This morning in my yoga class, the teacher asked us to inwardly acknowledge why we came to class today. A common practice in yoga. Normally I give myself a generic answer. Because I just can’t get past that surface level vibe until I’m about three downward dogs in. But today was a little different.
Time and Space.
And I repeated it to myself a few times.
I am worthy of time and space.
And man, did that really resonate with me. All the talk last week of self care, mixed with my current reads: Boundaries by Dr. Henry Cloud and Dr. John Townsend, and Rest by Thrive Moms, really has me feeling and recognizing that time and space are worth my attention.
I’m going to try not to get too fluffy on this post, and also to keep from rambling. So hang tight.
As a mom, I’m literally swarmed in children from the inside out. Three external limbs I constantly can’t shake (not that I want to). But even in times, like my yoga class, when I give myself space to be free of my extensions, I still can’t turn the mom switch off. Thoughts of how they’re doing constantly pop in and out through my poses.
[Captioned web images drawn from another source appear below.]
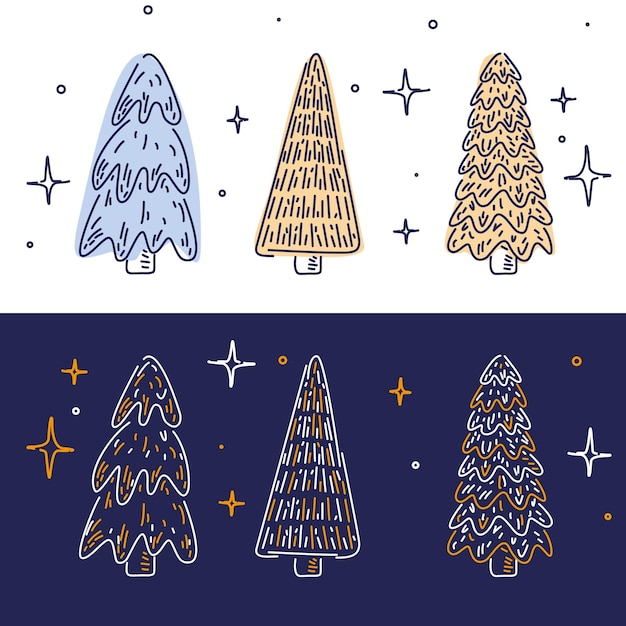 Conjunto de árboles de Navidad en estilo de dibujo Ilustración vectorial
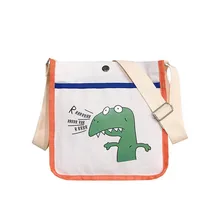 KANDRA динозавры Холщовая Сумка Белая мультяшная картина Студенческая Холщовая Сумка на плечо складная сумка для покупок женская сумка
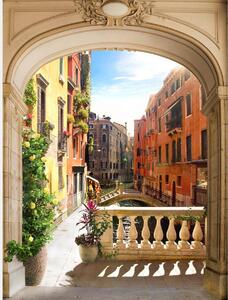 Fototapet. Foisor cu Arcada cu iesire la Canal Venetian, Italia. Oras frumos Art.050003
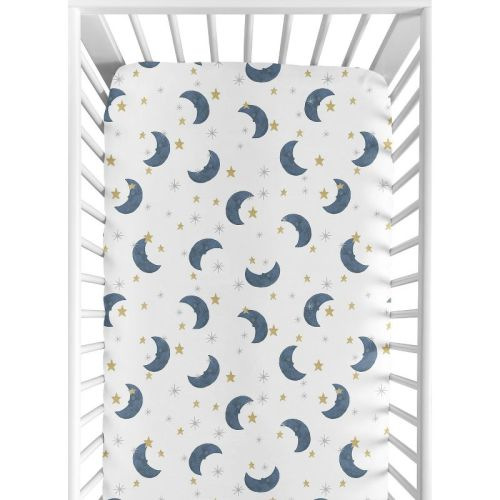 Sweet Jojo Designs Boy or Girl Gender Neutral Unisex Baby Fitted Crib Sheet Moon Bear Blue and Gold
Then I settle in to Warrior Two, and a swift kick from my internal buddy to my pelvic floor has me peeing my pants and reminded, “hey mama, you still aren’t alone here anyways.”
And I love it. I absolutely love it. I’m in a season right now where I don’t often crave a break. Hopefully I’m not jinxing myself here. But even though I feel stable where I’m at, I’m still deserving of that time and space.
And it extends so far beyond the generic woes of motherhood. I’m often so busy momming that I don’t realize how much my other external relationships drain me. “Do not withhold good from those to whom it is due, when it is in your power to do it” (Proverbs 3:27). So often I feel the Christian duty to extend goodness, kindness, faithfulness and the other fruits of the spirit to those around me.
Do not withhold good from those to whom it is due, when it is in your power to do it.proverbs 3:27
But wait, what did that say? “When it is in your power to do it.”
That little subsection I so easily ignore. I’m often failing to recognize when I’m depleted. I’m often failing to recognize when others take advantage of it. Or when they’re not even receptive to it. How much excess am I pouring out that is going spilled and wasted? Excess energy I’m giving to others that could better be poured right into my sweet little family here at home? Or even myself? Because I am deserving of it.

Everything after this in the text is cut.